The Bush administration is quietly exploring ways of recalibrating U.S. policy toward Russia in the face of growing concerns about the Kremlin's crackdown on internal dissent and pressure tactics toward its neighbors, according to senior officials and others briefed on the discussions.
Vice President Cheney has grown increasingly skeptical of Russian President Vladimir Putin and shown interest in toughening the administration's approach. He summoned Russia scholars to his office last month to solicit input and asked national intelligence director John D. Negroponte to provide further information about Putin's trajectory, the sources said.
Secretary of State Condoleezza Rice, who has sought to balance worries over Russian democracy with a pragmatic partnership on mutual issues such as Iran's nuclear program, responded by calling her own meeting with outside advisers a week ago. Some involved in the administration deliberations saw the move as an attempt to counter Cheney.

Where to begin? On the geostrategic level, a re-apparaisal of Russia makes sense *if* the U.S. had a coherent and overarching vision of a future global framework and how U.S. and Russian power trajectories fit within. Beyond empty bromides of 'freedom', 'GWOT' and the like. And beyond the immediately tactical and transactional - help on Iran, etc.
The Great Game across Central Asia continues, as does the soft rollback of the 'Near Abroad' of Russian security-cum-Imperial periphery. Partly by design and partly by happy circumstance, the U.S. has established a cordon sanitaire through Ukraine down to Georgia. But responsible Statesmanship would be to use current (and temporary although not necessarily fleeting) U.S. power to build a durable and sustainable framework.
To be surprised or suddenly disturbed by increasing 'Revanchism' (in the classical sense) in Moscow given these developments suggests either disingeniousness or naivete. The Stiftung offers this view with not a little personal experience on the ground 'Over There' during the Cold War and its aftermath. Only those stoned on the Kool Aid of the 'Last Man' liberation theology (or drinking their own bathwater in other respects) would be caught unawares of eminently predictable Russian reactions.
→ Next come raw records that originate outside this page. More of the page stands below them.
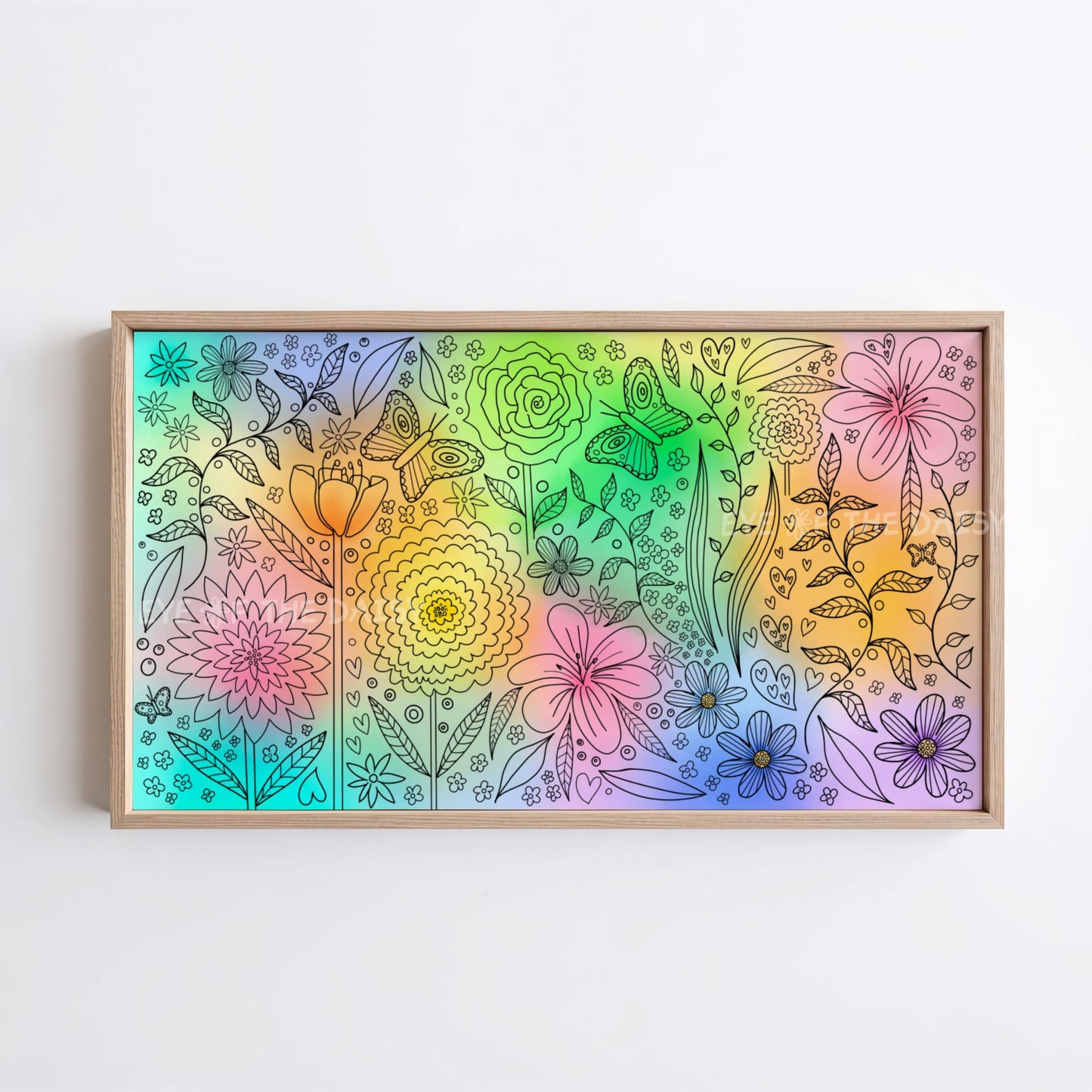 Intuitive Botanical Abstract 4K TV Art | Vibrant Colourful Floral Art for TV Screen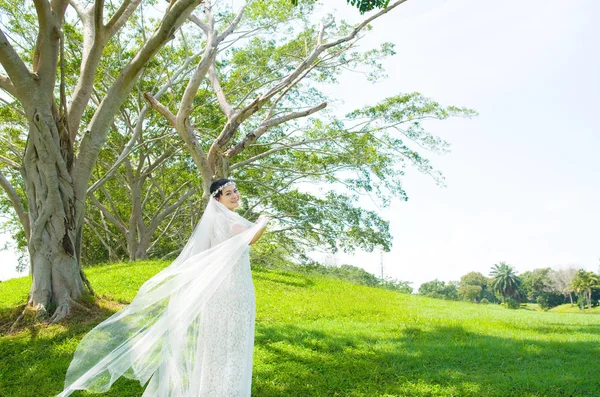 Hermosa novia asiática — Foto de Stock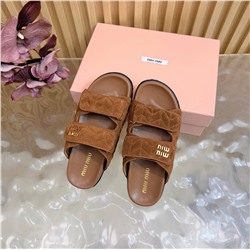 Женские замшевые шлепки  МИ* МИ*У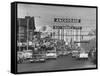 Cars Driving Through City-Nat Farbman-Framed Stretched Canvas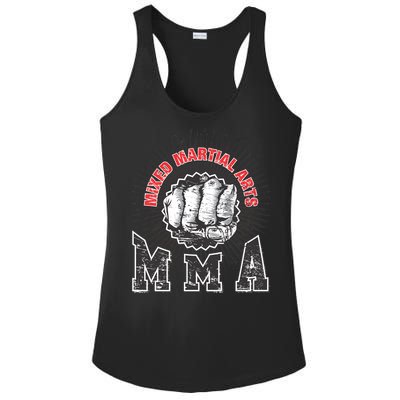 MMA Retro Punch Ladies PosiCharge Competitor Racerback Tank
On the purely internal Washington chatter level, this tug of war offers some amusement. Condi has marketed successfully her modest skills as a Soviet and Russian specialist into an outsized public reputation. And she, like Madonna in another context, enjoys the ferocious devotion of certain subgroups who feel marginalized in policy circles. Yet she is not a systematic thinker and after a year shows no real direction, no focus and no real capacity for crafting either.
As Sebastian Mallaby noted (and discussed with wicked humor over at Global Paradigms), the prospects for Rice to be a late bloomer are not good. So we must make do with what we have.
The temptation on some other blogs the Stiftung reads now and then seems to be to impose simplistic templates on things — Cheney 'bad', ergo Rice 'good', etc. Would that things were so. It may be that Rice's limited strategic thinking but real tactical 'people' skills and her relationship with the President are most useful to the Nation in a 'reactive mode', responding to more fully developed and coherent systematic thinking developed by others. In this case, a tug of war may be actually the best hope for something beyond the tactical to emerge. (Recognizing the risks of what 'tug of war' did for a moribund Iran policy, of course).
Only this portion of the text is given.